New mechanism discovered to weaken pseudomonas aeruginosa virulence

The opportunistic bacterial pathogen Pseudomonas aeruginosa is dangerous due to its resistance to multiple antibiotics. A research team from Heinrich Heine University Düsseldorf (HHU) and Jülich Research Center (Forschungszentrum Jülich – FZJ) has now found a mechanism that makes it possible to weaken the virulence of the pathogen. Based on this knowledge, a new approach for antibiotics can be developed, as the authors explain in the scientific journal JACS Au. The editors of the journal have dedicated a cover story to this discovery.

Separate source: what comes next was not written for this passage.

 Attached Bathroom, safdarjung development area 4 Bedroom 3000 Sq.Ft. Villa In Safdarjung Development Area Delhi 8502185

The bacterium Pseudomonas aeruginosa often causes a so-called "nosocomial infection" in humans. It is therefore one of the dangerous hospital bacteria that is resistant to several antibiotics. Immunocompromised patients are particularly affected. The World Health Organisation (WHO) has placed P. aeruginosa on the list of "priority pathogens" on which research efforts should focus to find new treatment options.

The bacterium has a broad spectrum of disease-causing virulence factors. These include the "type A phospholipases" (PLA1): Enzymes that can damage the membrane of the host cell and also disrupt various signaling networks in the infected cells. Preliminary work (DOI: 10.7554/eLife.72824) has shown that the enzyme PlaF from P. aeruginosa is a PLA1 that also alters the membrane profile and thus contributes to the virulence of the bacterium.

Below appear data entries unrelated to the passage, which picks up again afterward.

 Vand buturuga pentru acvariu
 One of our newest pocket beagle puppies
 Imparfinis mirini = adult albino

The research groups of Professor Dr Holger Gohlke (HHU Institute of Pharmaceutical and Medicinal Chemistry and IBG-4: Bioinformatics at FZJ) and Professor Dr Karl-Erich Jaeger (HHU Institute of Molecular Enzyme Technology at FZJ) have now identified molecular mechanisms in which medium-chain free fatty acids regulate the activity of PlaF.

The researchers carried out molecular simulations as well as laboratory studies and in vivo assays. All of these research approaches showed an indirect effect of the fatty acids on the location of PlaF in the bacterial membrane as well as a direct effect by blocking the active center of the enzyme. In both ways, the activity of PlaF is reduced.

On the one hand, the results provide evidence that the interplay of mechanisms is a regulatory factor for PlaF function. Professor Gohlke: "We were only able to unravel these complex relationships through the interaction of computer-aided and experimental techniques within the framework of the projects funded by the CRC 1208."

On the other hand, the results contribute to understanding the regulatory role of fatty acids. It may be possible to transfer the results to other membrane proteins that have a similar structure to PlaF.

Finally, they also open up new perspectives on how PlaF can be inhibited.

This is a promising approach for developing new antibiotics against P. aeruginosa. These are urgently needed to combat the dangerous pathogens in hospitals."

Professor Dr Karl-Erich Jaeger, HHU Institute of Molecular Enzyme Technology at FZJ

CRC 1208

The Collaborative Research Centre (CRC) 1208 "Identity and Dynamics of Membrane Systems – From Molecules to Cellular Functions" considers membranes as one of the most important structural entities of biological cells. Membranes are the site of many elementary biological processes: They control the transport of substances in and out of the cell and represent the first barrier against pathogens.

The Collaborative Research Centre is headed by HHU and involves institutes from the Faculty of Mathematics and Natural Sciences and the Medical Faculty at the University, along with Jülich Research Center.